As I thought about it more, I'm not even sure a prepare handler and calling pthread_atfork() is necessary. If this technique worked, why not just call it inline before the call to os.fork()? Suggestions are welcome!
I have not played with the other suggestions of #6, namely adding a __DATA__,__objc_fork_ok section, but I'm skeptical that those will solve the problem. And using an older SDK is also not a viable option.
I think the only safe thing to do on macOS is to call exec*() after fork(), use the spawn family of functions, or better yet use the subprocess module. I am going to rewrite our code at work to use the latter, even though it's less convenient.
If you come up with any other reliably viable solutions, please do add to the comments below, or on the open Python tracker issue.
I have a real love/hate relationship with these types of problems. On the one hand, they are frustrating and perplexing. All you have as evidence are some core files, and you may not even notice them unless you have core dumps enabled and notice your disk getting filled with them. Then the journey begins!

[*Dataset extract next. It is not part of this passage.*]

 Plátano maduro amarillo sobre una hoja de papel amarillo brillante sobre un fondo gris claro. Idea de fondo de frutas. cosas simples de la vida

On the other hand, they can be really fun to investigate. You have to be adept at debugging C code, skilled at searching the interwebs, and clever in your implementations. And even then -- as is the case here -- you may not come up with a satisfying solution. But at least you learn a lot, and begin to build a picture of what's going on that hangs together, even if there are still some head scratching details, and little confirmation from other sources.
But it can be a fun way to waste a week of work time, and it can provide useful fodder for a blog that often gets neglected for long stretches of time.
Thanks Apple! <wink>